Une nouvelle étude de UC Berkeley remet en question une hypothèse de longue date en psychologie selon laquelle la plupart des émotions humaines entrent dans les catégories universelles de bonheur, tristesse, colère, surprise, peur et dégoût.

Pour l’étude, un groupe démographique diversifié de 853 hommes et femmes s’est rendu en ligne pour visionner un échantillon aléatoire de vidéos silencieuses de 5 à 10 secondes destinées à évoquer un large éventail d’émotions. 

Les thèmes des 2185 clips vidéo – recueillis auprès de diverses sources en ligne pour l’étude – comprenaient les naissances et les bébés, les mariages et les demandes, la mort et la souffrance, les araignées et les serpents, les chutes physiques et les cascades risquées, les actes sexuels, les catastrophes naturelles, la nature merveilleuse et les poignées de main maladroites. Les chercheurs d’UC Berkeley ont identifié 27 catégories d’émotions distinctes. Leurs résultats sont publiés dans la première édition des Actes de la revue « National Academy of Sciences » en 2017.

“Nous avons constaté que 27 dimensions distinctes, et non six, pour expliquer la façon dont des centaines de personnes ont rapporté de manière fiable leurs sentiments en réponse à chaque vidéo”, a déclaré l’auteur principal de l’étude Dacher Keltner, professeur de psychologie à UC Berkeley et expert en science des émotions.  

« Les expériences émotionnelles sont tellement plus riches et plus nuancées qu’on ne le pensait auparavant, tout est interconnecté» Dacher Keltner

« Notre espoir est que nos résultats aideront d’autres scientifiques et ingénieurs à capturer plus précisément les états émotionnels qui sous-tendent l’humeur, l’activité cérébrale et les signaux expressifs, conduisant à de meilleurs traitements psychiatriques, à une compréhension de la base cérébrale de l’émotion et de la technologie sensibles à nos besoins émotionnels »

Trois groupes distincts de participants à l’étude ont regardé des séquences de vidéos, après avoir visionné chaque clip, ils ont rédigé un compte rendu. 

Le premier groupe a librement rapporté ses réponses émotionnelles à chacun des  clips vidéo.

“Leurs réponses reflétaient un éventail riche et nuancé d’états émotionnels, allant de la nostalgie au sentiment de dégoût “, a déclaré Cowen.

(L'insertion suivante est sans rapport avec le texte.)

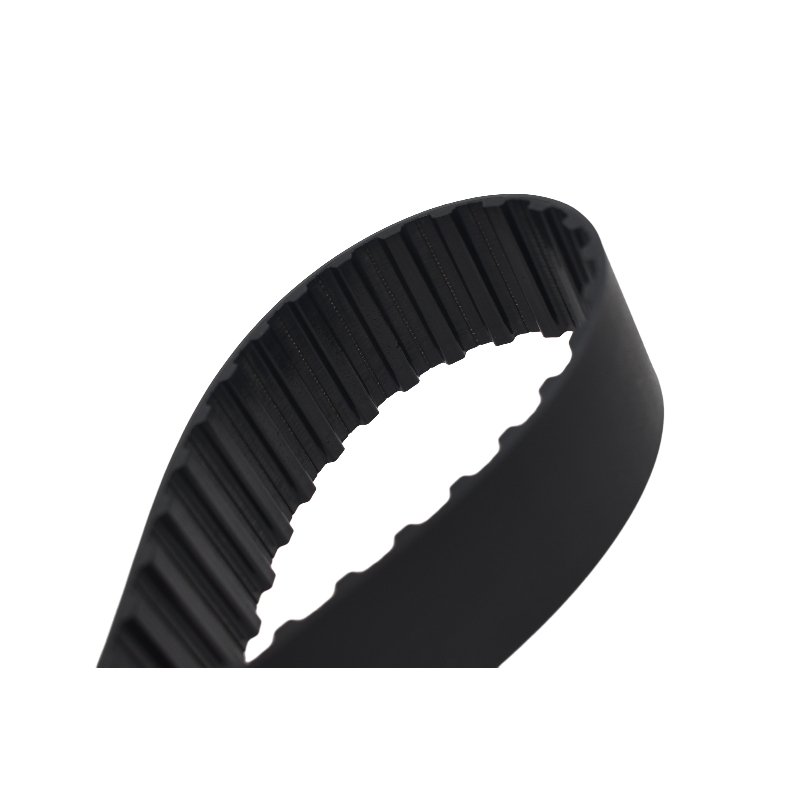 Custom Bando Industrial T10 Toothed Black White Yellow Back Frosted Opening Timing Synchronous Belt for Automotive Equipment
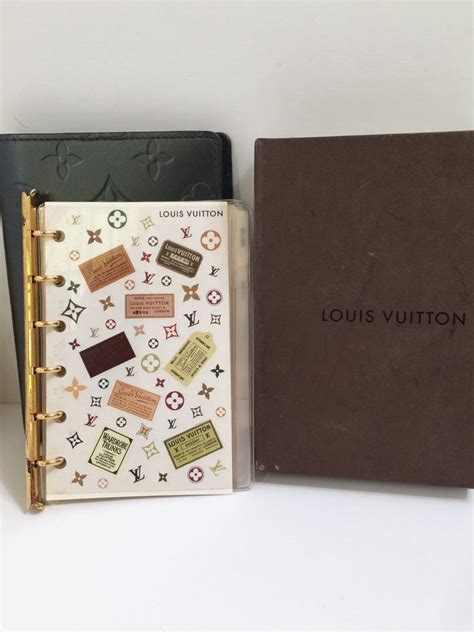 louis vuitton small agenda refill 2023|Louis Vuitton large agenda refill.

Le deuxième groupe a classé chaque vidéo en fonction de la force avec laquelle elle leur a fait ressentir de l’admiration, de l’adoration, de l’appréciation esthétique, de l’amusement, de la colère, de l’anxiété, de la crainte, de la maladresse, de l’ennui, du calme, de la confusion, du mépris, du désir, de la déception, du dégoût, de la douleur empathique, de l’avancement, envie, excitation, peur, culpabilité, horreur, intérêt, joie, nostalgie, fierté, soulagement, romance, tristesse, satisfaction, désir sexuel, surprise, sympathie et triomphe.

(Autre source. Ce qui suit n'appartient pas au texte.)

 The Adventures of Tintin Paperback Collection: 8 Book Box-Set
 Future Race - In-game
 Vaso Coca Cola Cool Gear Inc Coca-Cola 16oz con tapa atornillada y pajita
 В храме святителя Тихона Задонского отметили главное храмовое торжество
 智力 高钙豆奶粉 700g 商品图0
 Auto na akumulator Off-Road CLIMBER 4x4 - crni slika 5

Ici, les expérimentateurs ont constaté que les participants ont convergé sur des réponses similaires, avec plus de la moitié des téléspectateurs rapportant la même catégorie d’émotion pour chaque vidéo.

Le troisième groupe a évalué leurs réponses émotionnelles sur une échelle de 1 à 9 à chacune de vidéos en fonction de dichotomies positives contre négatives, excitation contre calme et dominance contre soumission. Les chercheurs ont pu prédire comment les participants noteraient les vidéos en fonction de la façon dont les participants précédents avaient évalué les émotions suscitées par les vidéos.

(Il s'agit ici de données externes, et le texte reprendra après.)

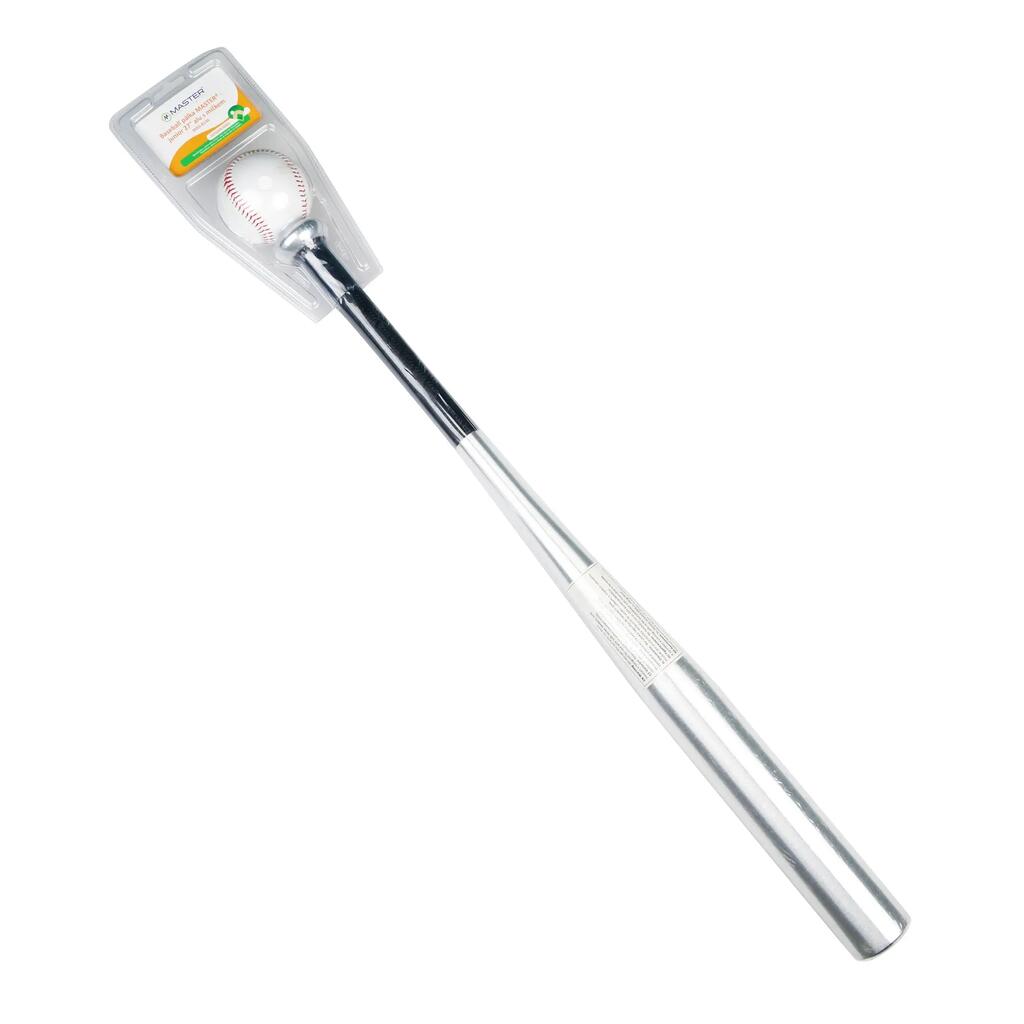 MASTER baseball bat with ball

Dans l’ensemble, les résultats ont montré que les participants à l’étude partageaient généralement des réponses émotionnelles identiques ou similaires à chacune des vidéos, fournissant une multitude de données qui ont permis aux chercheurs d’identifier 27 catégories d’émotions distinctes.

“Nous avons cherché à faire la lumière sur toute la palette des émotions qui colorent notre monde intérieur”, a déclaré Cowen.